Talk of a stronger-than-expected economic recovery prompting the Reserve Bank (RBNZ) to hike interest rates as early as next year has been making headlines.
But the thing financial markets will be looking for when the RBNZ releases its quarterly Monetary Policy Statement (MPS) on February 24, is signalling around the pace at which the central bank will keep buying government debt from banks and other investors via its quantitative easing or Large-Scale Asset Purchase (LSAP) programme.
The RBNZ in August 2020 said it would effectively create money to buy up to $100 billion of mostly New Zealand Government Bonds on the secondary market by June 2022.
This $100 billion is a cap, not a target. It agreed to buy no more than 60% of the New Zealand Government Bonds on issue to avoid becoming a disproportionality large player in the market. To date, the RBNZ has bought $44.6 billion of New Zealand Government Bonds.
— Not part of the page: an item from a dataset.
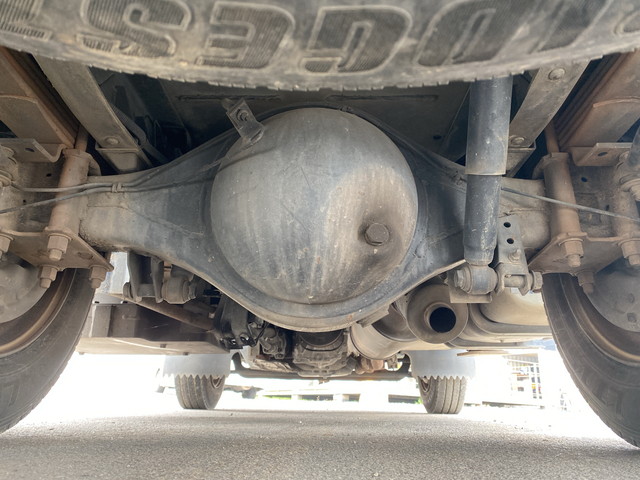 UDトラックスアトラス高所作業車小型（2t・3t）[写真22]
The point of purchasing these bonds is to lower interest rates in order to help the RBNZ boost inflation and employment in line with its mandate.
A positive side-effect of making these purchases is that it supports smooth market functioning at a time the Government is issuing a whole lot more debt than usual.
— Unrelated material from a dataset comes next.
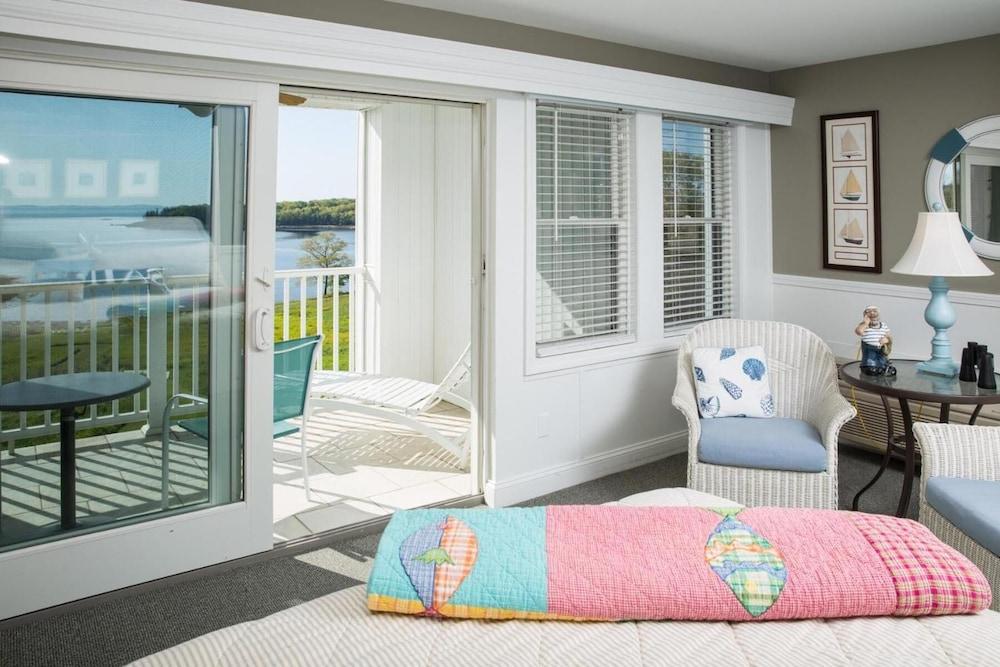 Island View Inn photo 10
However, because the economy is performing better than expected, Treasury hasn’t been issuing as much debt as both it and the RBNZ initially expected.
Having said it would largely front-load its response, the RBNZ has also been slowing the rate at which it’s buying bonds:
ANZ senior strategist David Croy would like it to clearly communicate at the next MPS the pace at which it’s going to continue buying bonds at.
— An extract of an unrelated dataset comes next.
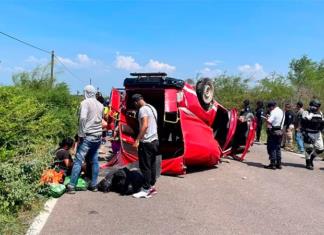 Volcadura deja 22 migrantes lesionados en el Istmo de Oaxaca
He notes the RBNZ hasn’t been clear whether it has slowed the pace because Treasury has been issuing fewer bonds, or because it believes it doesn’t need to provide as much stimulus.
Croy would like the focus to shift from the size of the LSAP to the pace of purchases. Why? Certainty.
Croy, as well as ANZ chief economist Sharon Zollner and ANZ senior economist Liz Kendall, maintain the RBNZ will extend the LSAP by six months until the end of 2022, essentially enabling the RBNZ to continue buying bonds at a slower pace, but over a longer period of time.
“Eventually, the RBNZ will look to reduce the amount of overall asset holdings by letting bonds mature and not fully (or partially) reinvesting the proceeds. This is likely to be a very gradual process,” they say.
Croy, Zollner and Kendall say the RBNZ could theoretically start hiking the Official Cash Rate (OCR) during any phase of the LSAP tapering, but will most likely wait until it stops buying bonds.
They characterise LSAP tapering as the “first cab off the rank” in terms of a return to “normality”.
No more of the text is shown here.